§ What this task involves
From the data underneath, reproduce exactly the stretch that begins at the line with "Her kan du få" and ends after the line with "Photo 4 of House".

§ Provided records
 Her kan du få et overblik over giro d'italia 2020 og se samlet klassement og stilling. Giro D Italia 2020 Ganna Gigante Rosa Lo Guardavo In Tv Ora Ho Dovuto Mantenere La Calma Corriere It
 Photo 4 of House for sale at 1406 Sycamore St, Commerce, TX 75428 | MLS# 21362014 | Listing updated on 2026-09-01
==
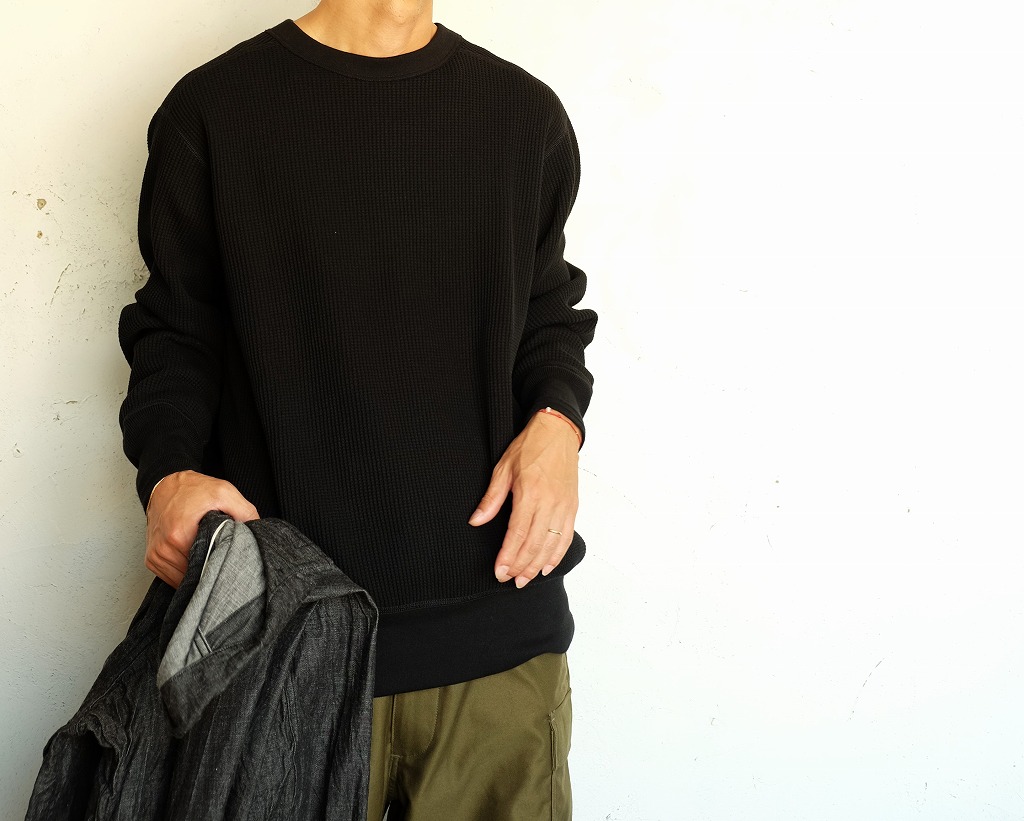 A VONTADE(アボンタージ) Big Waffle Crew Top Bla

§ Solution below
 Her kan du få et overblik over giro d'italia 2020 og se samlet klassement og stilling. Giro D Italia 2020 Ganna Gigante Rosa Lo Guardavo In Tv Ora Ho Dovuto Mantenere La Calma Corriere It
 Photo 4 of House for sale at 1406 Sycamore St, Commerce, TX 75428 | MLS# 21362014 | Listing updated on 2026-09-01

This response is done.